Hey, it is close, but not exact. That is why JPGs always look different from RAW files.

@GlueFactoryBJJ Your example about the square root is not correct as far as certain calculations like bit depth. If you are "holding" 12 places, the rounding will produce exactly the same result. It is only when you are adding places that you get a different result. Cameras (and audio) do not add more than a few floating places, which are finite. However, if you are adding random number dither, you will of course get a different result. That is the nature of dither.

@Vitaliy rofl

@Vitaliy Your mathematics is very good. But this application of math to produce a 10bit image will not eliminate banding in 8bit images such as skies with very gradual luminance and chroma variation.

Criticising my education when you have no knowledge of me or my background is not very polite. It is easy to slam people. I have tried to avoid that. Most people on this thread have no idea about how digital sampling works or how digital YCbCr signals work.

We do not have Raw data in 12bit. We have 4k 8bit 4:2:0 which we want to turn into 1920x1080 10bit 4:4:4.

If one considers the case of a graduated luminance signal in 8bit, from left to right (pixel 1 to pixel 4096 for example) which has a variation of only 2 discrete 8bit 'steps' i.e. 235 to 236, across the full width of the image, then the mathematical transform will perfectly preserve those same values in a 10bit image, as there is no variation in the math until the value changes from 235 to 236. The banding is perfectly preserved.

The colour accuracy or sharpness of colour channels will improve due to the size reduction to a 1920x1080 image.
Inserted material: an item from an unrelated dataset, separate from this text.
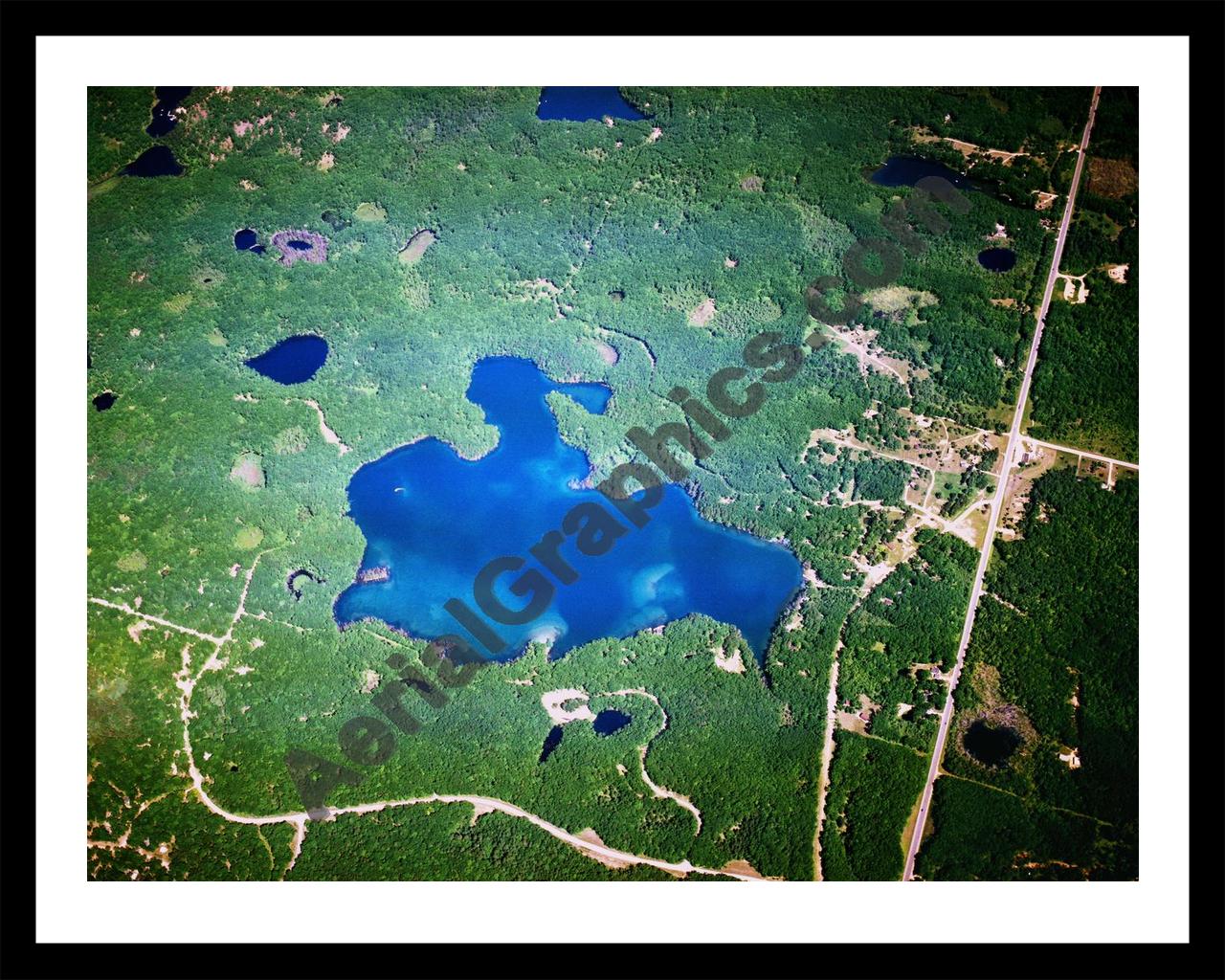 Aerial image of [5848] Loon Lake in Oscoda, MI with Black Metal frame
But bit depth is about how many discrete levels of brightness of the Y signal are stored and accuracy of the vector information stored in the CbCr channels.

It's not mathematics, it's geometry!

If you can make your math solve the problem of having to use higher bit depths to capture more information you are likely to have many dollars coming your way as this is what all the major imaging companies have been trying to achieve since the beginning of digital imaging.
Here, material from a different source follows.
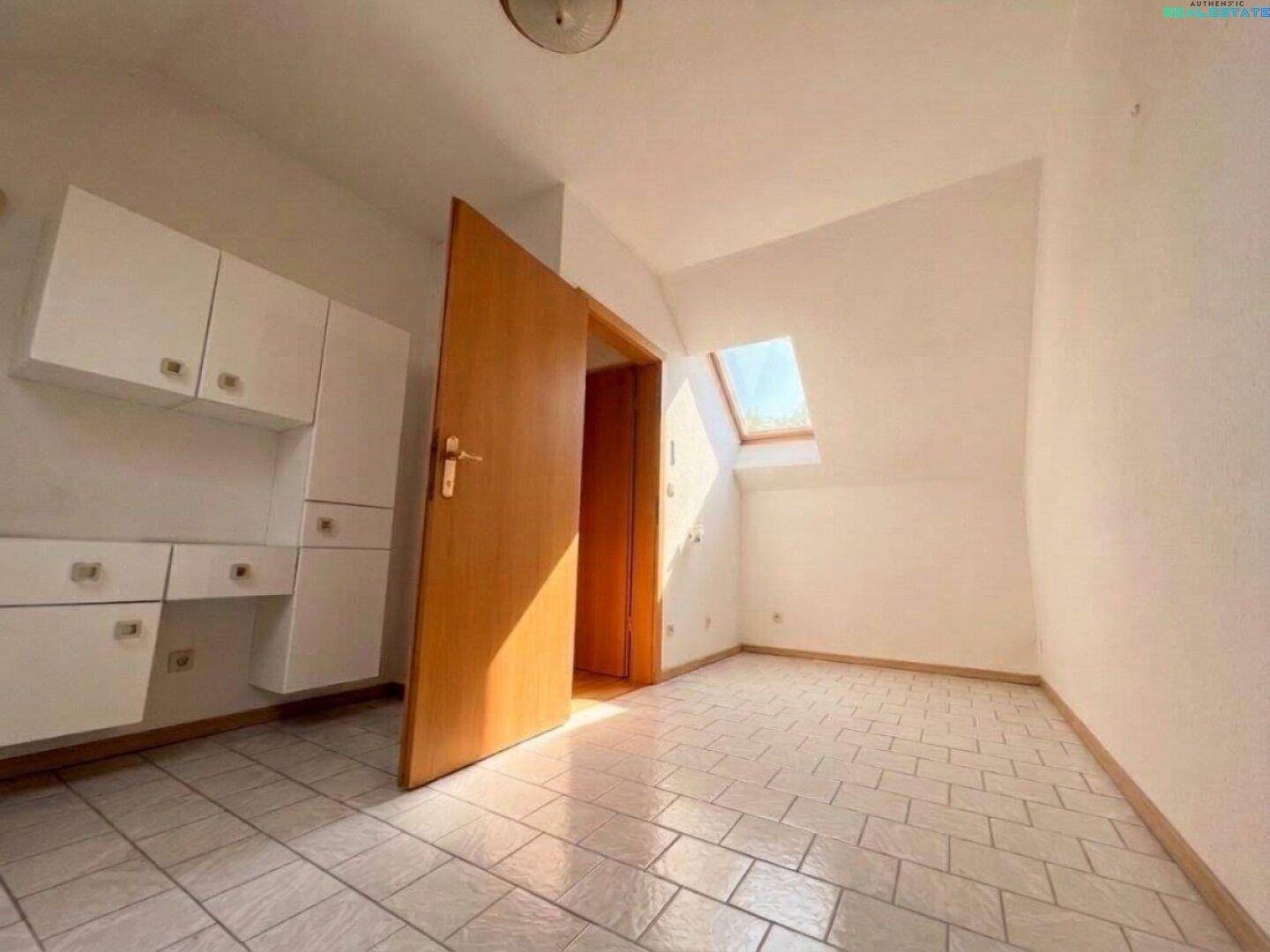 Kleines Zimmer im Dachgeschoss mit Fliesenboden, Dachfenster und Einbauschränken.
BTW, I did NOT have a 'modern' education.

Maybe I am missing something but in my mind the most important consideration here is that resolution drops 400% from 4k to 2k. It is impossible to get a perfect down sample no matter how many bits. Even if you went 4k 10bit to 2k 10bit there would be inaccuracies with data because many pixels are gone. Is averaging pixel data from 4k to 2k at equal bit depth any different than adding the 8bit values to get a 10bit value? I doubt it would be noticeable.

The more important discussion is how much of a benefit will we see in a 10bit 2k, not whether or not it is "true" 10bit.

@GlueFactoryBJJ: I never understood the "255" thing. 0 IS a value, it's 256.

@caveport: "It's not mathematics, it's geometry!" -> You made my day.

Beware of downscale, higher bit have special proprieties like super white and super black that can be clamped. With 8 bit you'll never be able to retrieve this information no matter how many downscale you performs. Burned highlight in 8 bit are burned highlight in every bit you can try to convert it to. Same goes for line skipping although there exists methods to attenuate the effect in the sky (like adding a thin layer of grain and then performing a denoise to mix and smooth the pixels).

Otherwise, Vitaliy pretty much summed up the thing with kid version. It's a bit more technical in reality but you get the picture.

To check some practical results I used ffmpeg to convert some GH4 4k samples to yuv444 and to scale them down to 1920x1080. While the looks of the downsampled images were pretty good, I was shocked to see how little hardware support there is for yuv444: There is "theoretical" support in the HW acceleration APIs like vdpau and vaapi, but none of the computers I own has a GPU that actually supports yuv444 overlay visuals.

So the only way to play back and watch the yuv444 encoded video at full quality was to use the RGB "x11" display driver, which is kind of wasting a lot of CPU cycles.